Jewish burial society in Pittsburgh honors national organizer David Zinner
Adar 7New Community Chevra Kadisha

Jewish burial society in Pittsburgh honors national organizer David Zinner

New Community Chevra Kadisha to thank national leader during annual Adar 7 dinner

New Community Chevra Kadisha members gather at the Beth Shalom Cemetery in Shaler Township in October 2021. Photo by Adam Reinherz
New Community Chevra Kadisha members gather at the Beth Shalom Cemetery in Shaler Township in October 2021. Photo by Adam Reinherz

For nearly 20 years, David Zinner — founder and past executive director of Kavod v’Nichum — has helped Pittsburghers perform Jewish burial and bereavement rituals.

On March 6 he will be honored by the New Community Chevra Kadisha.

“Without him, there would be no New Community Chevra Kadisha,” said Pat Cluss, a co-founder of NCCK.

When Cluss, Malke Frank and a handful of other community members reached out to Zinner and his national organization in 2004 about starting a Jewish burial society that would complement Pittsburgh’s established Orthodox group, Zinner provided hours of education, insight and encouragement. As the nascent NCCK cohort blossomed from five members to 62, Zinner continued returning to Pittsburgh from his Columbia, Maryland, home to offer instruction, training and guidance.

After Oct. 27, 2018, when 11 Jews were murdered inside the Tree of Life building — including NCCK member Dr. Jerry Rabinowitz — Zinner was again in Pittsburgh, supporting the group in its duties as a Jewish burial society.

“David gave our chevra kadisha roots, which led to our growing the wings that were necessary for our chevra kadisha to fly,” Frank said. “I really think that without the emotional support David gave us — the psychological support and emotional support and the compassion — the chevra wouldn’t be where it is today.”

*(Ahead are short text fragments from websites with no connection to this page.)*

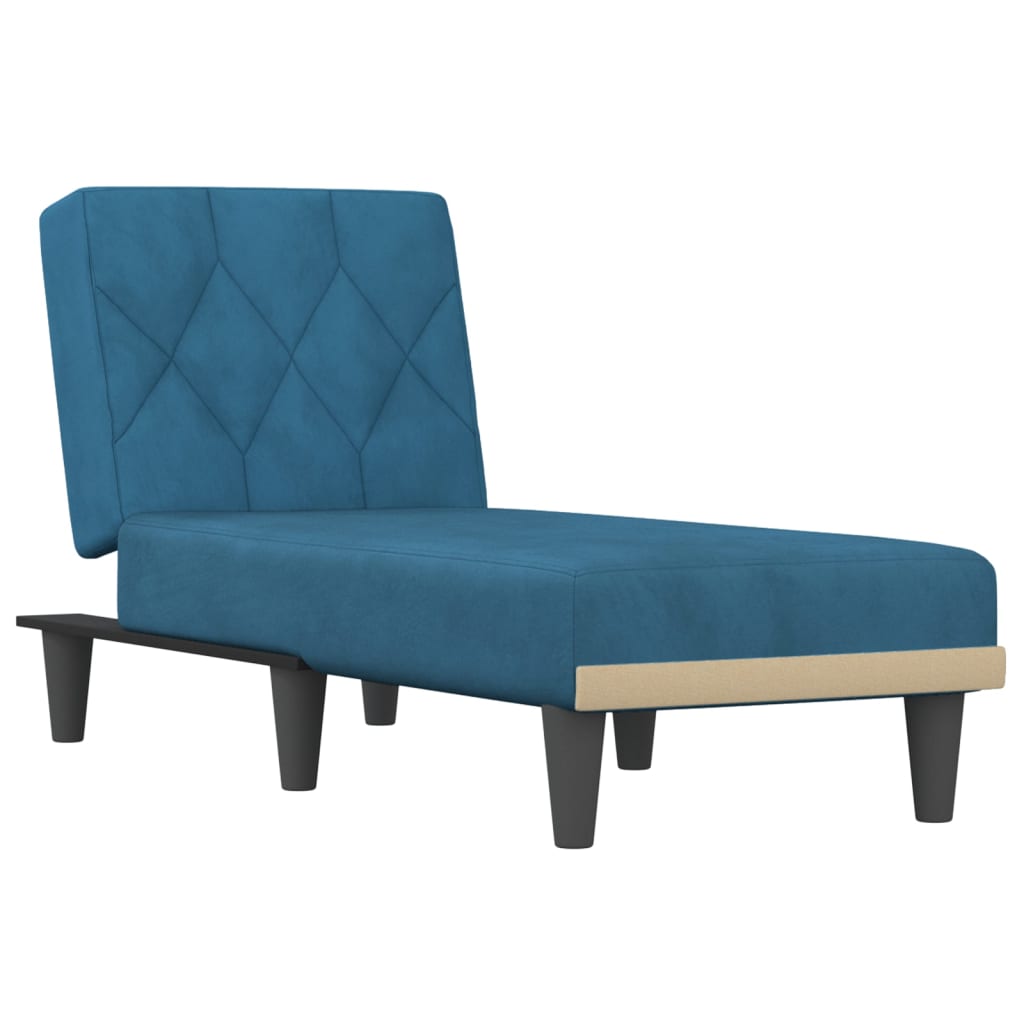 vidaXL Chaiselongue Blau Samt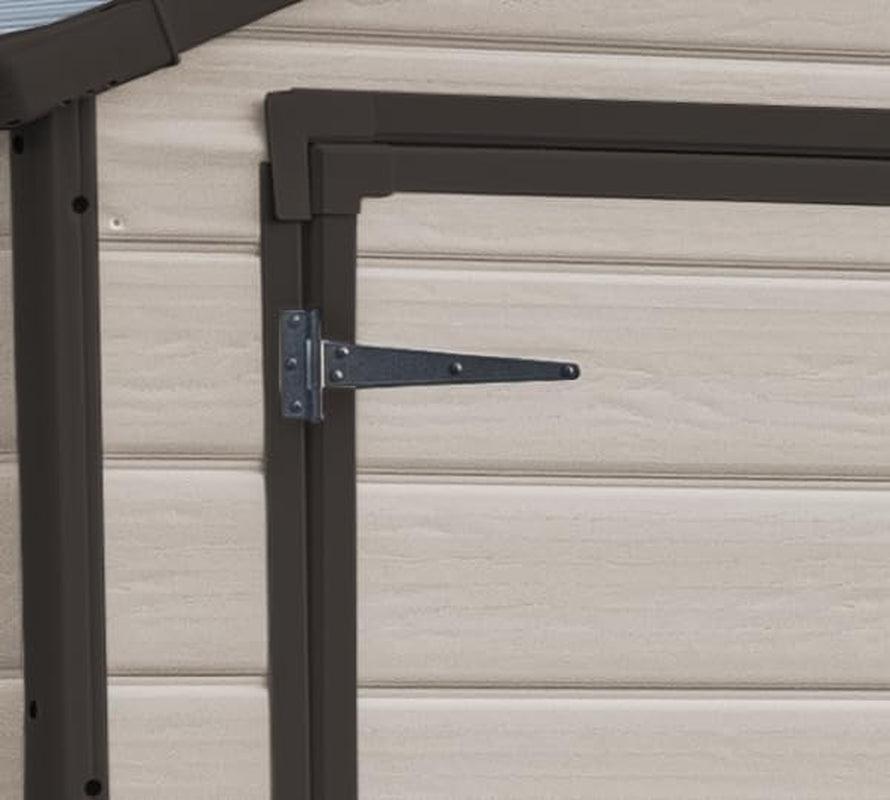 Abri de jardin d'extérieur 6 x 8 pieds avec toit à pignon et double porte – Effet bois beige/marron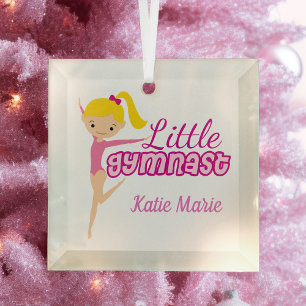 Little Gymnast Cute Personalized Gymnastics Girl Glas Ornament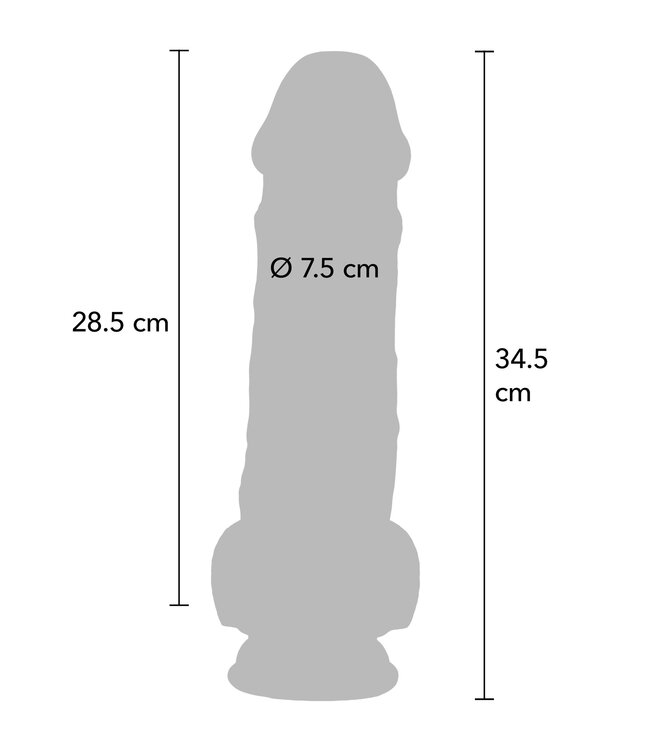 Deluxe Dual Density Thick Dildo TPE 34.5 cm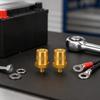 Battery Cable Terminal Pair In Copper, Positive and Negative Post Hardware with Knurled Bodies for Replacement and Routine Service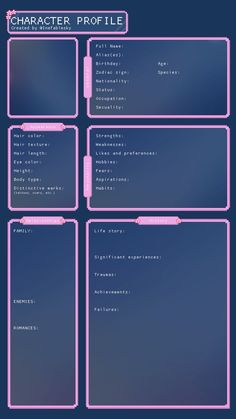 a blue and pink poster with the words character profile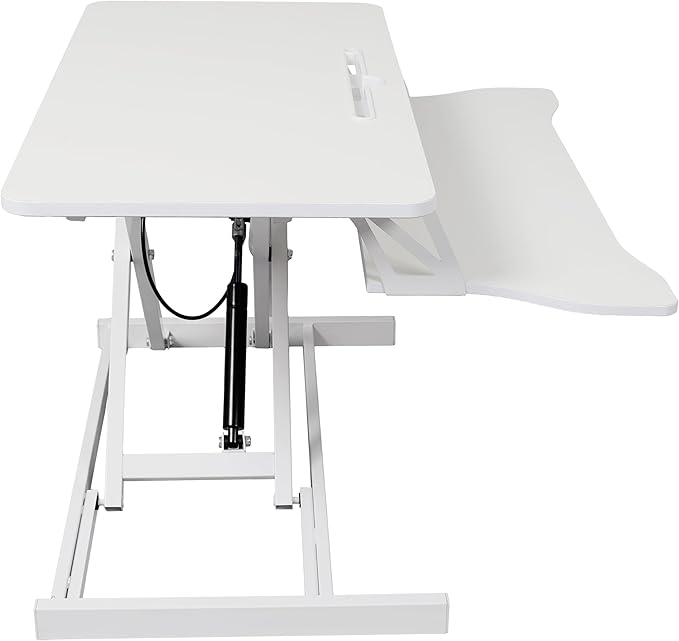 Standing Desk Converter, 32" Wide, Height Adjustable Sit Stand Up Desk Riser with Keyboard Tray, Desktop Workstation for Home Office Computer Laptop, White
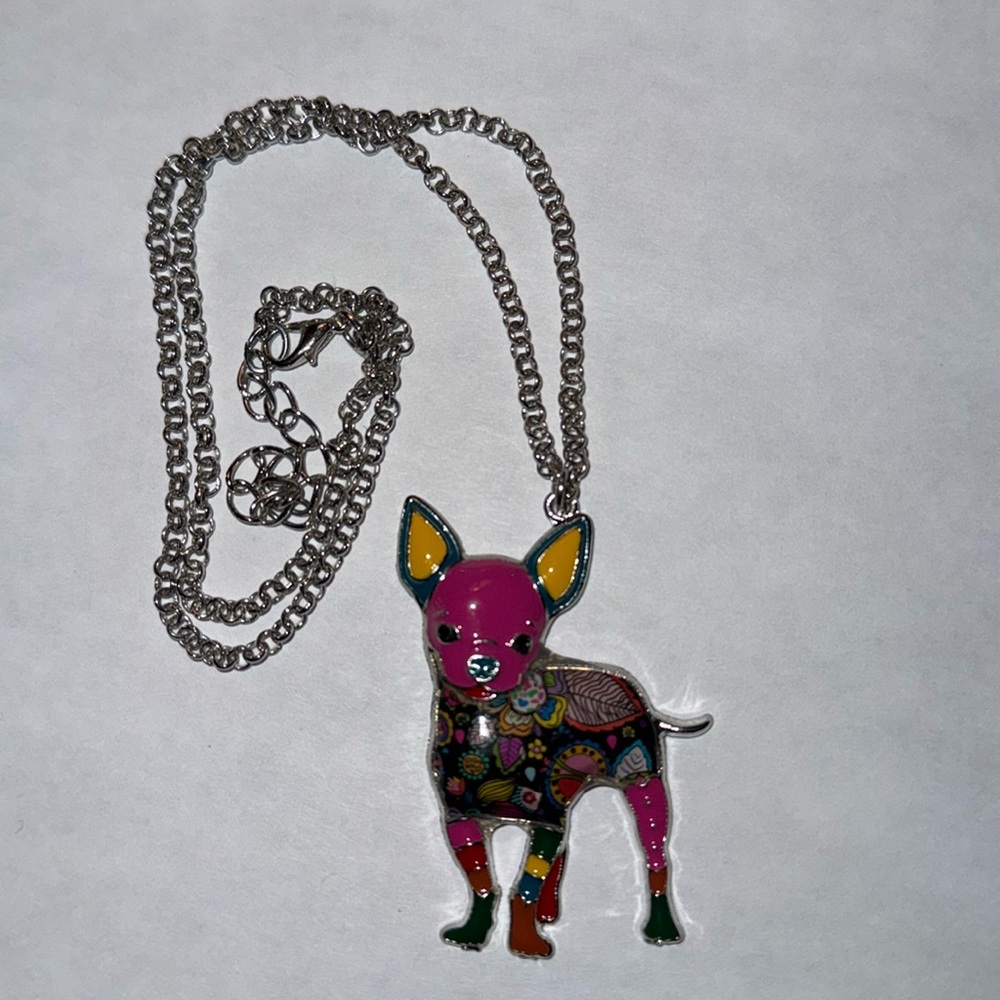 Bonsny Enamel Chihuahua Necklace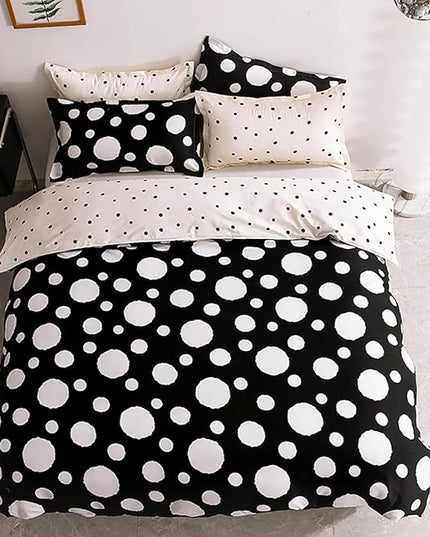 White Polka Dots Comforter King Black White Dots Print Reversible Gingham King Bedding Comforter Set Boys Girls Black White Bed Sets Soft 3Pcs King Comforter Sets - LeafyLoom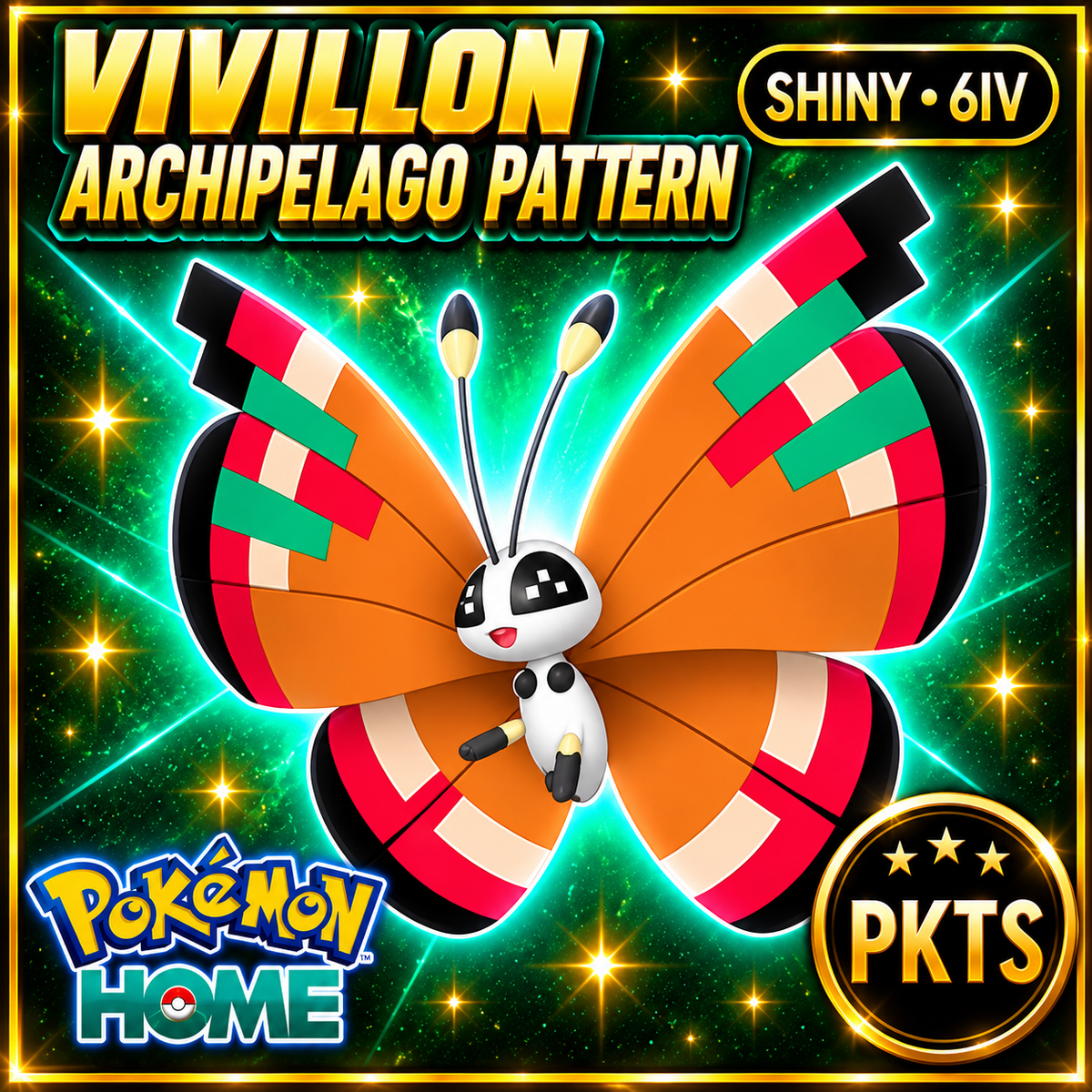 Shiny Vivillon Archipelago Pattern Pokémon HOME 6IV Competitive Battle Ready - Image 1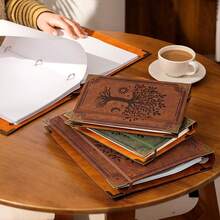 Carpeta de piel de 3 anillos para papel de tamaño carta de 8.5 x 11 pulgadas, carpeta de anillos redondos de 1 pulgada con capacidad para 200 hojas, cubierta de papel para bloc de notas - marrón, (Brown Tree) - Ver 3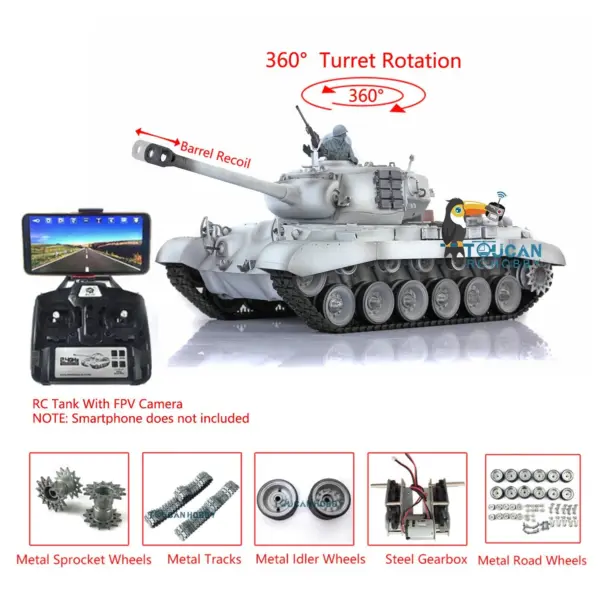 Henglong 1/16 Scale Radio Control Tank 3838 M26 Pershing w/ FPV Barrel Recoil 360Degrees Rotating Turret Barrel Recoil Metal Road Wheels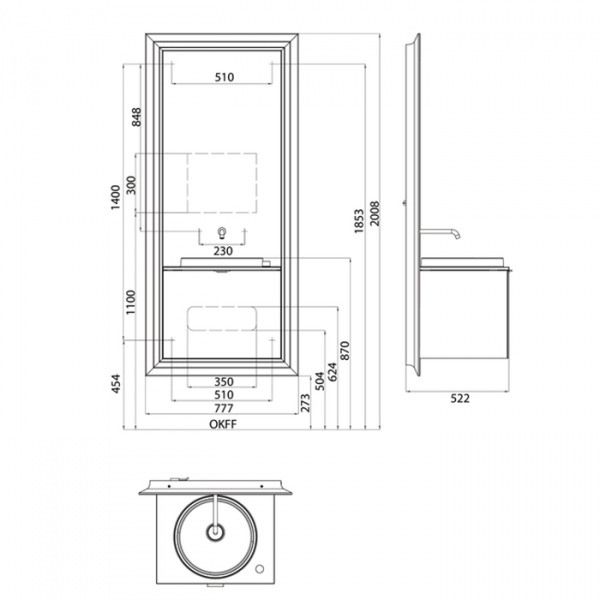 EMCO Touch 600 classic Комплект мебели с выдвижным ящиком, хром/белый ELS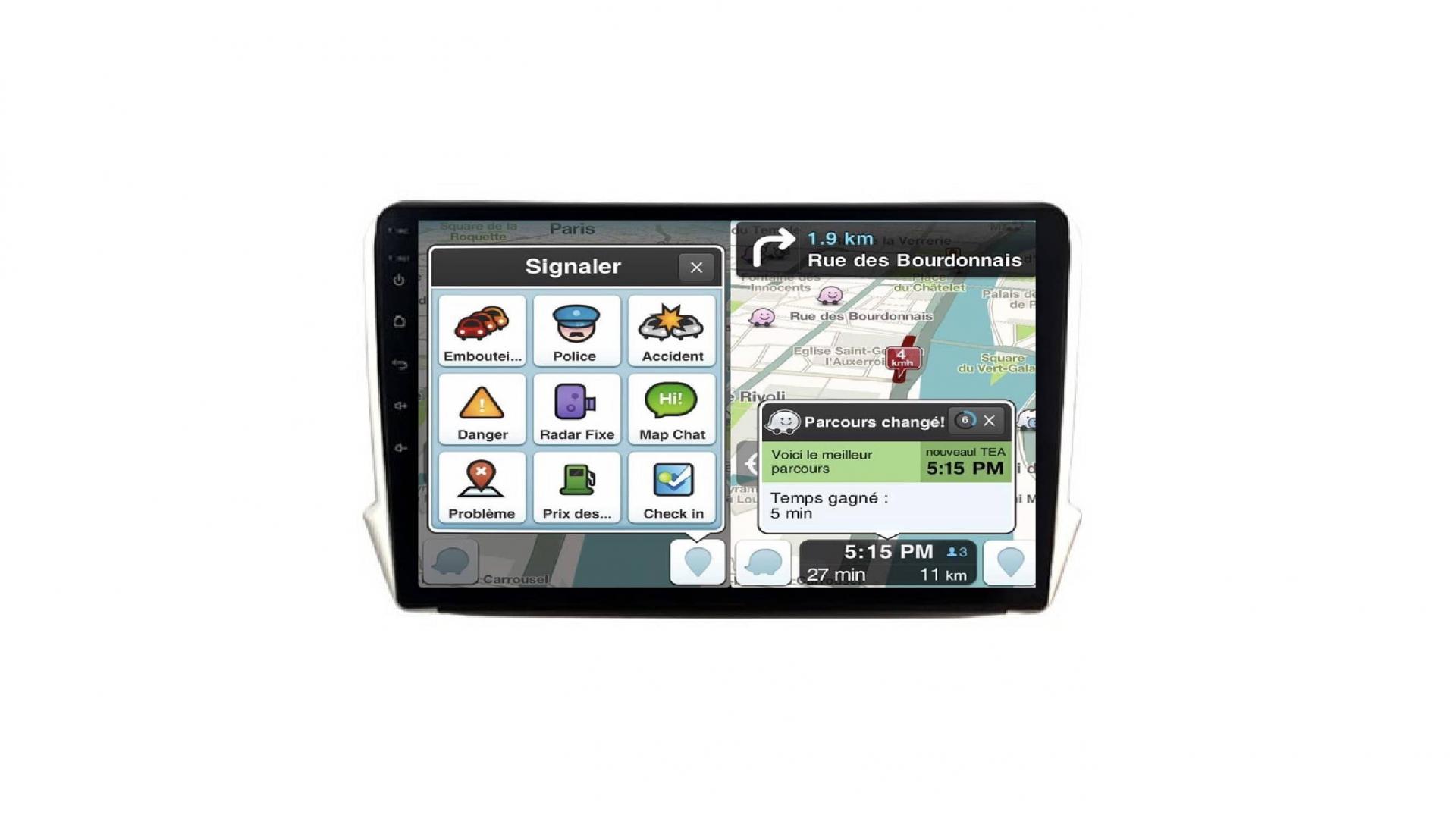 Autoradio full tactile GPS Bluetooth Android & Apple Carplay Peugeot 208 et  Peugeot 2008 de 2012 à 2019 + caméra de recul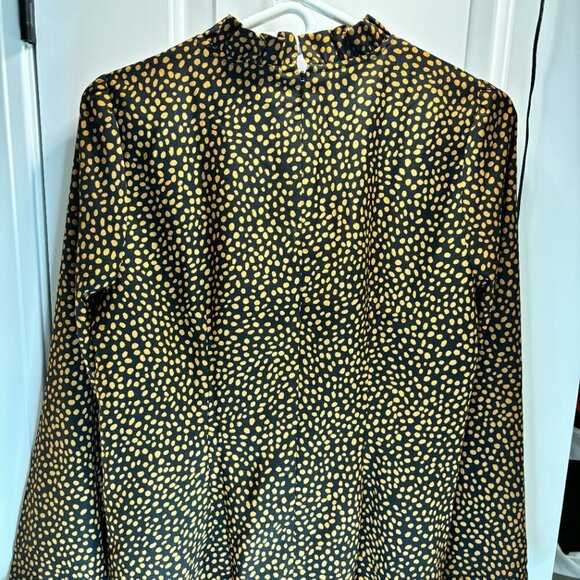 J. Crew Factory Dresses & Skirts - EUC J. Crew Factory Women's Size 6 Gold Dotted Black Dress Animal print​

Frank estimates that since 2004 NCCK has performed 1,000 taharot (ritual purifications of the deceased).

The number is significant, Cluss explained, because many of those deceased — or their living family members — might not have adopted certain Jewish burial practices if not for NCCK.

“David educated the more liberal Jews, who didn’t know from tahara,” Frank said. “It was a line item for them.”

Before the NCCK establishment, community members who weren’t knowledgeable of Jewish burial practices might not have understood the reason for a tahara, or why tachrichim (simple white burial furnishings) were required, Frank continued. While Jewish cemeteries may have insisted on taharot for burial, Zinner helped NCCK explain to the larger liberal Jewish community the significance of Jewish burial practices, she said.

Zinner said he’s humbled being honored by NCCK, and he’s optimistic about the future of chevra kadishas despite a changing Jewish landscape.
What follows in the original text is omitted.